- _The input_
^^^^^^^^
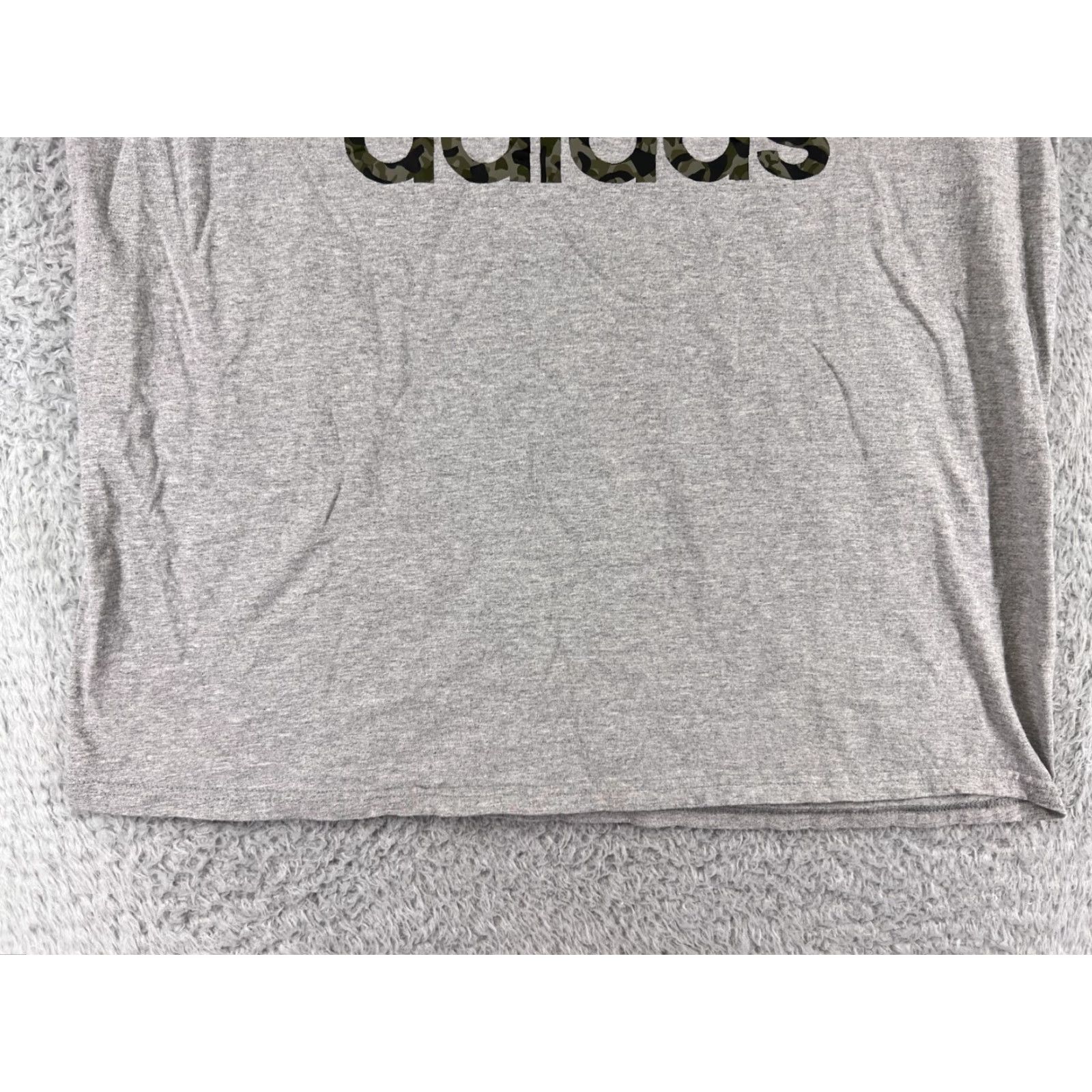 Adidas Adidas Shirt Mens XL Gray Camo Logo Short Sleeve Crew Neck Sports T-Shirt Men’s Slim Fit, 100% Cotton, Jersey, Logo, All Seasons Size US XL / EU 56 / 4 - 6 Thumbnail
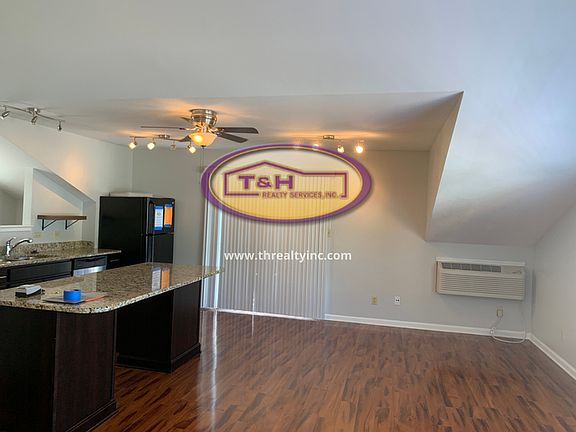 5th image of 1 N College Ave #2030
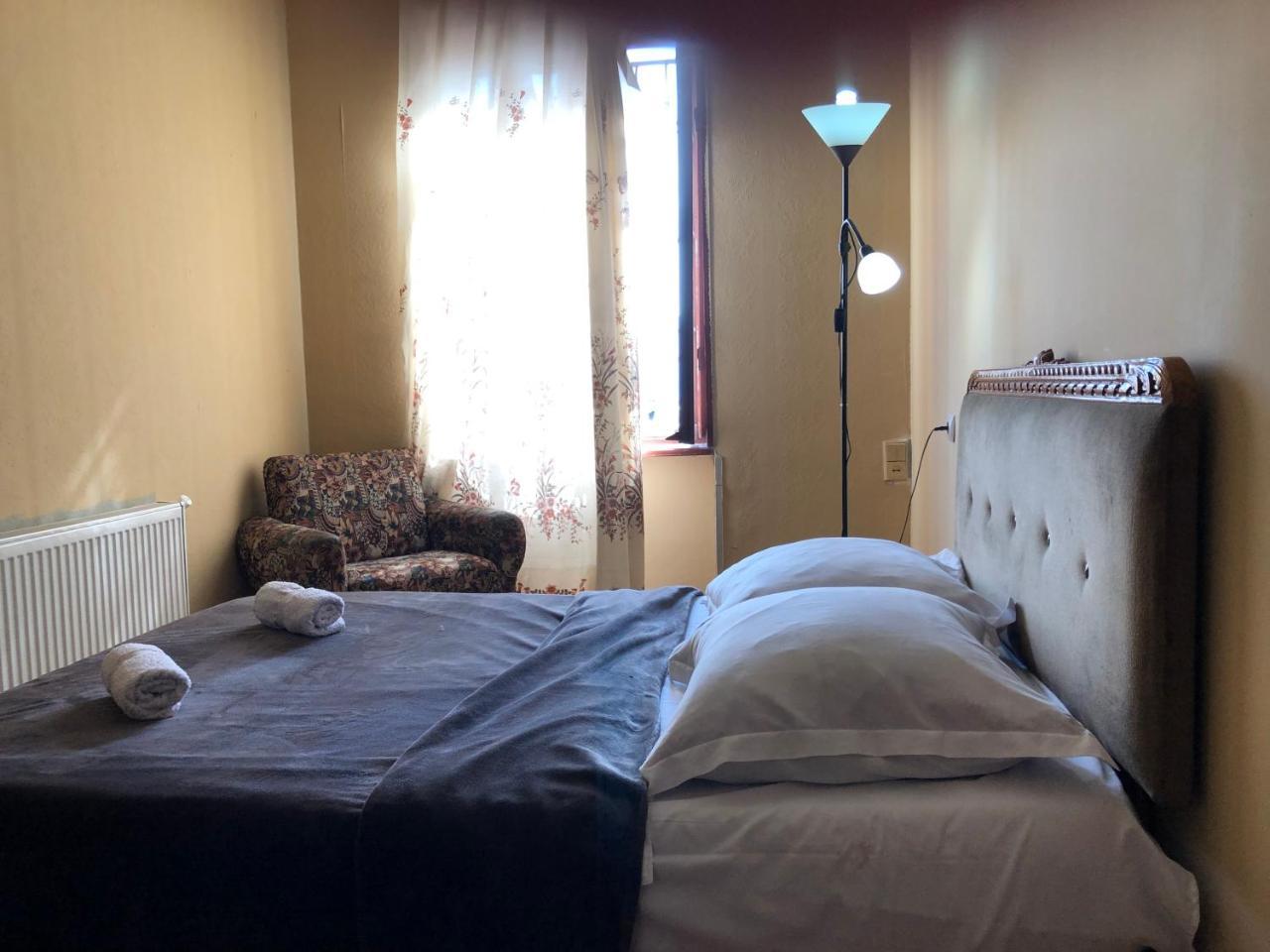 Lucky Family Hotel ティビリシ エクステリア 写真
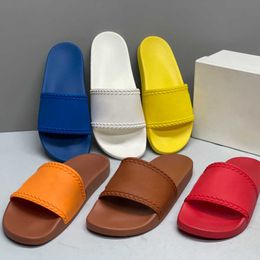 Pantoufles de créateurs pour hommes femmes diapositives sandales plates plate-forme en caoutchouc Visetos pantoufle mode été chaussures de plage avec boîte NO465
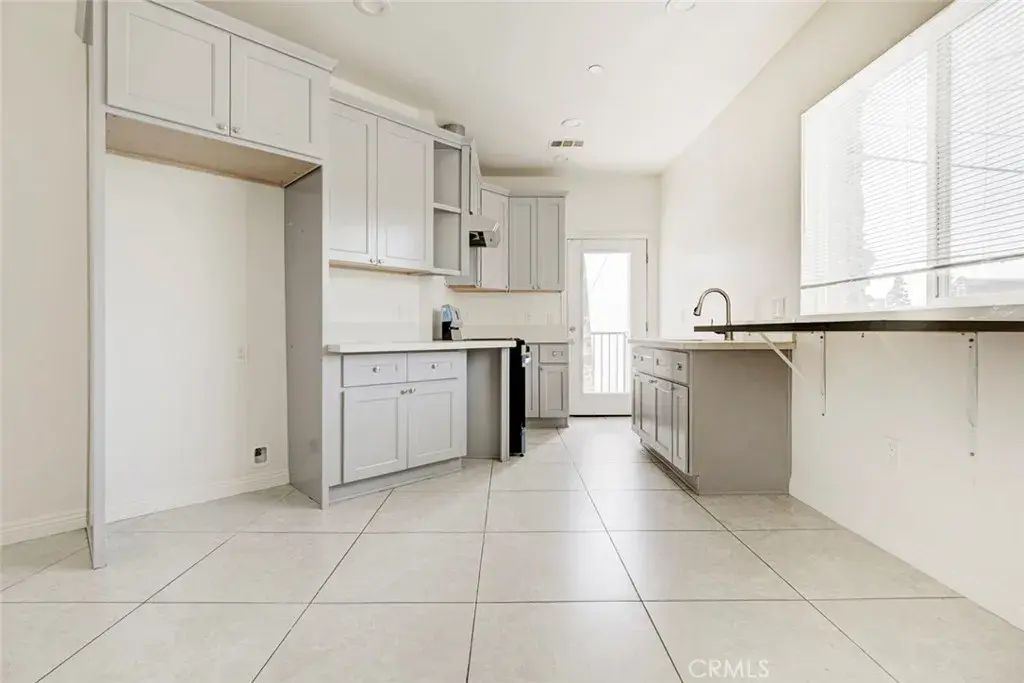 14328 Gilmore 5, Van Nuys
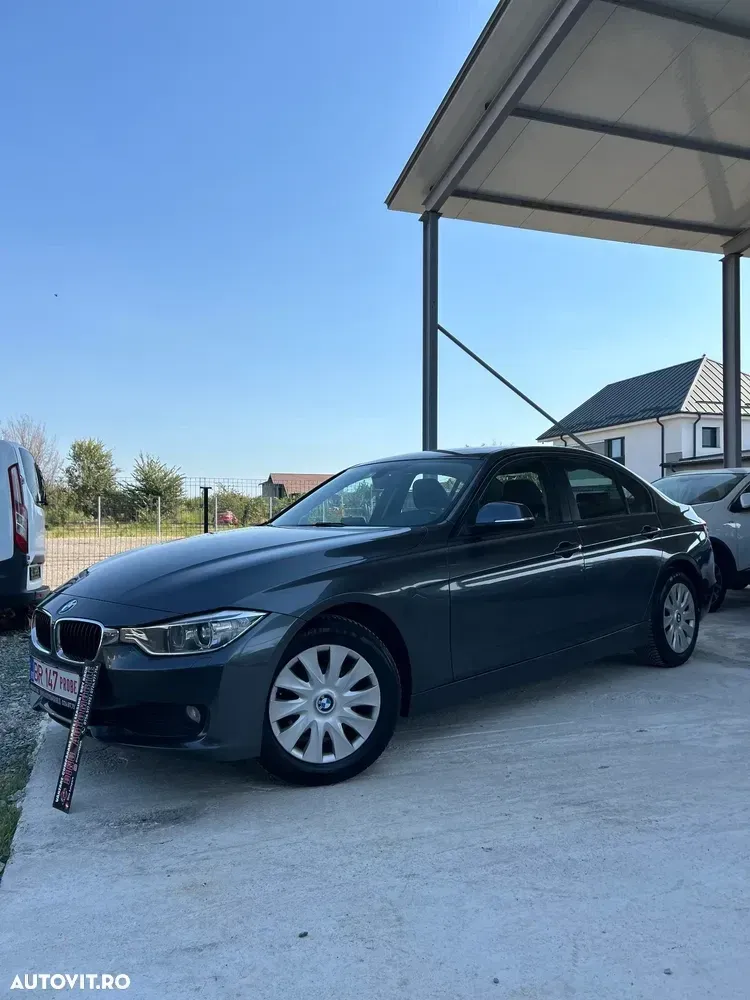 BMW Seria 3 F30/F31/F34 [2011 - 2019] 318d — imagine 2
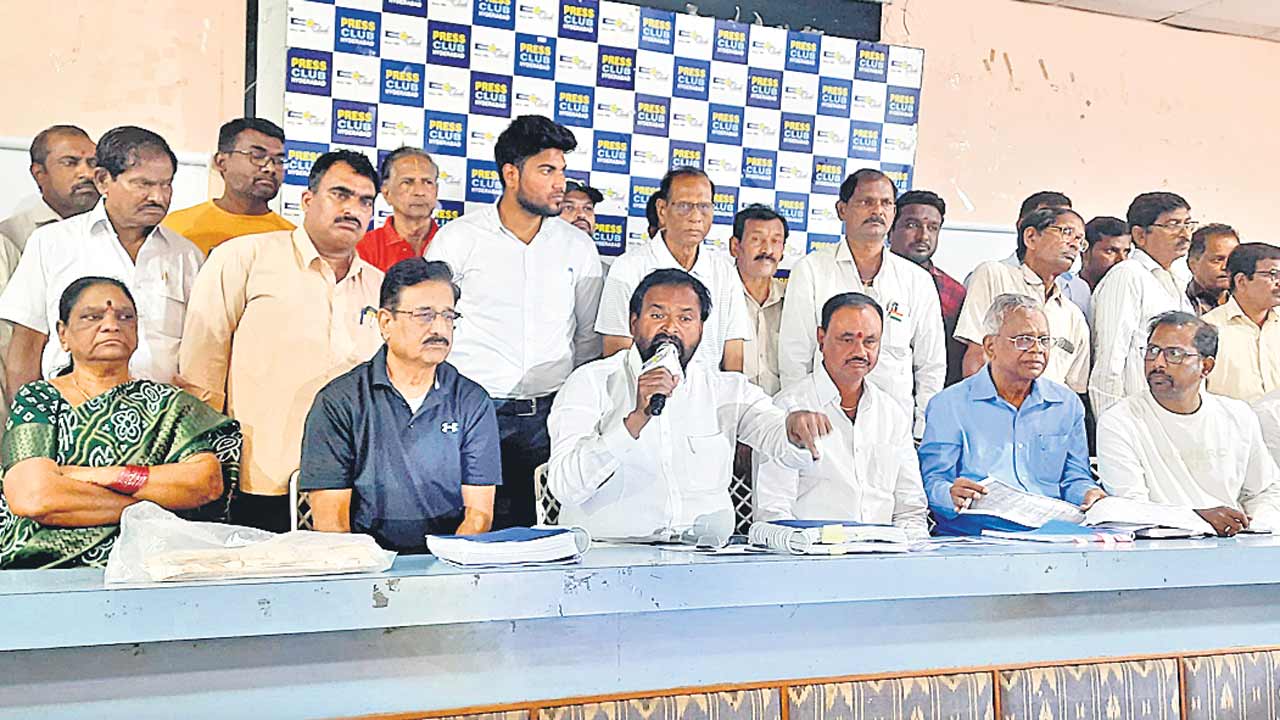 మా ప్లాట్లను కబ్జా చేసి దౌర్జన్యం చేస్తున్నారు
^^^^^^^^
The copy must start at the line containing "Lucky Family Hotel ティビリシ エクステリア 写真" and stop at the last line of the listing, both included, with every line exact and no pictures.

- _Final answer_
 Lucky Family Hotel ティビリシ エクステリア 写真
 Pantoufles de créateurs pour hommes femmes diapositives sandales plates plate-forme en caoutchouc Visetos pantoufle mode été chaussures de plage avec boîte NO465
 14328 Gilmore 5, Van Nuys
 BMW Seria 3 F30/F31/F34 [2011 - 2019] 318d — imagine 2
 మా ప్లాట్లను కబ్జా చేసి దౌర్జన్యం చేస్తున్నారు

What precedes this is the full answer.